Red Hat CTO and OpenStack board member Brian Stevens talks to us about Folsom, creating a Foundation and not excluding VMWare.

It’s
been a busy month for OpenStack, and by extension board member (and
Red Hat CTO) Brian Stevens. Last week, the
OpenStack Foundation was
officially launched
with 850 companies and 5,600 individuals
pledging support; this week sees the final release of the latest
and greatest version of OpenStack yet, Folsom.

The release is perhaps the most important yet of OpenStack’s six
releases so far. After all, it’s the first to be considered by Red
Hat to be mature enough for commercial release.

Key is Quantum, the new component allowing “network connectivity as
a service” between interface devices managed by other Openstack
services such as Nova. Although included in the Essex release, it
was only as a “basic framework”.

“It’s now up and running and useful, and people are using it on a
single to thousands of systems,” says Stevens. “To us, that
factored greatly in our plans to wait to productise for our
customers a solution based on Folsom, rather than the Essex
codebase, because we thought this was a pretty needed
ingredient.”

While Red Hat may have not been involved in the project from the
start, by April this year had become the
third-largest
contributor of code to the Essex release. With
Red Hat now one of the eight ‘platinum’ sponsors of the Foundation,
Stevens sits on the its board of
directors
and has been working hard on the “not-glamorous part”
of setting up the Foundation.

One of the most important aspects of an independent Foundation is
that it makes the organisation and product “completely neutral”,
and therefore far more attractive to other companies.

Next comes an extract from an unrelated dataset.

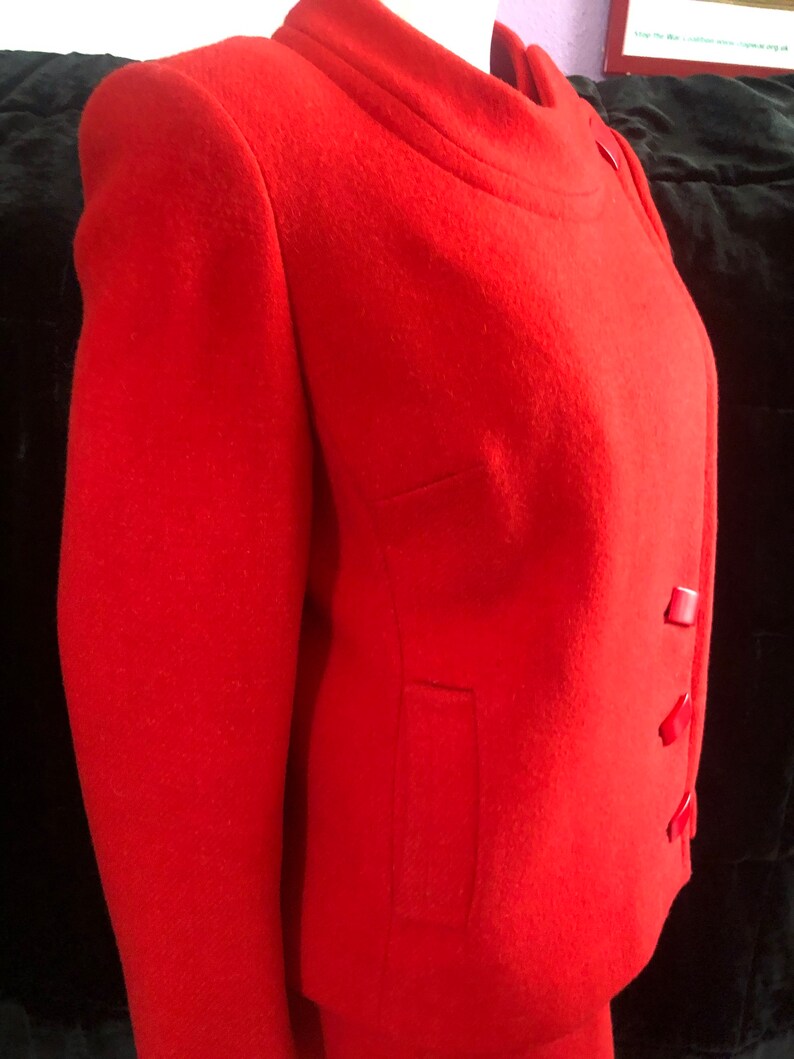 K&ouml;nnte beinhalten: Eine rote Wolljacke mit Stehkragen und drei roten Kn&ouml;pfen auf der Vorderseite. Die Jacke hat eine Tasche auf der linken Seite.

“Prior to the Foundation, RackSpace owned all the assets, things
like the trademark ‘OpenStack’, says Stevens. “RackSpace, on their
own discretion, could decide whether you could even call your
product OpenStack, how you could use the word OpenStack, control
the licensing of their portion of the code on the switch
side.”

The change makes little difference to everyday contributors to the
project, yet is “subtle, but significant”. “The technical stuff
keeps on trucking and running, but I think it gave companies like
ours and probably IBM and HP and other larger companies a better
comfort level, that their investments today are going to be
protected long-term.”

A recent controversy clouded the otherwise sunny founding last
month when VMware, long considered a proprietary rival to
OpenStack, successfully applied as a ‘gold member’ of the
Foundation. Some critics
dubbed the move
as suspicious, but Stevens – who, as a member
of the board of the directors, was part of the vote – is
diplomatic.

“I think that clearly VMware – if we went back to pre-Nicira
acquisition, VMware clearly found OpenStack threatening. No matter
what they say, it’s extremely competitive with their legacy
products – with vSphere – and we’ve all seen disparaging remarks.
Which is fine, that’s just the world of competition.”

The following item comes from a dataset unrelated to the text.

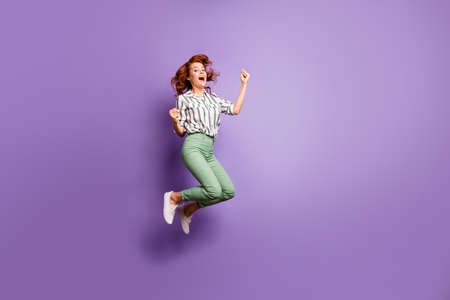 Full size photo of ecstatic woman jump win lottery competition raise fists scream yeah wear good look clothing isolated over purple color backgroundの写真素材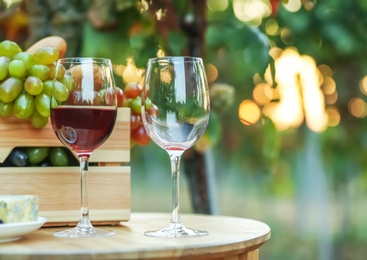 Photo of Wineglasses and crate with grapes on wooden table in vineyard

But VMware’s purchase of Nicira, which Stevens describes as a
“really strong, necessary ingredient for OpenStack”, left the
company in an odd situation of being “two companies rolled into
one” – one highly competitive with OpenStack, and one actively
contributing.

“So, yes it certainly was a unique conversation at the board level
on membership. I think the board certainly picked the right
outcome,” says Stevens, insisting that “there’s no upside in being
exclusionary on this, as I see it.”

Stevens also plays down any competition with CloudStack, the Apache
project aiming to produce similar cloud software in Java. “As much
as CloudStack is good technology and open sourced, there’s just no
thriving community or industry participation,” he says.

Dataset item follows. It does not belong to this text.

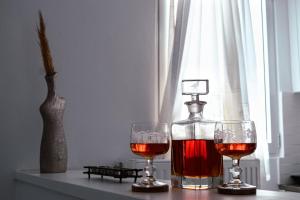 two glasses of wine and a bottle on a table at Tsikalario Holiday House in Tsikkalarión +16 photos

There’s no “ill will” within the Foundation towards CloudStack,
insists Stevens. “I would argue that it’s not that OpenStack is
being dismissive of CloudStack, it’s just not the canvas on which
the industry is going to solve the open cloud promise.

“I think the future’s been already written – that it’s going to be
OpenStack.”

That future includes Grizzly, the next major OpenStack release,
which is set to arrive in 2013. Once Folsom is out the door, the
OpenStack community will meet to hammer out the grisly details at a
design
summit
in San Diego next month.

Red Hat also hope to ship their first commercial edition of
OpenStack early next year, but will face stiff competition from
fellow Foundation members – such as Rackspace, who are
already using OpenStack
to power their cloud offerings.

It’s still too early yet to predict whether OpenStack will live up
to the mantle of the ‘Linux of the cloud’ – but with commercial
releases pending and a fully-operating Foundation, odds are looking
good.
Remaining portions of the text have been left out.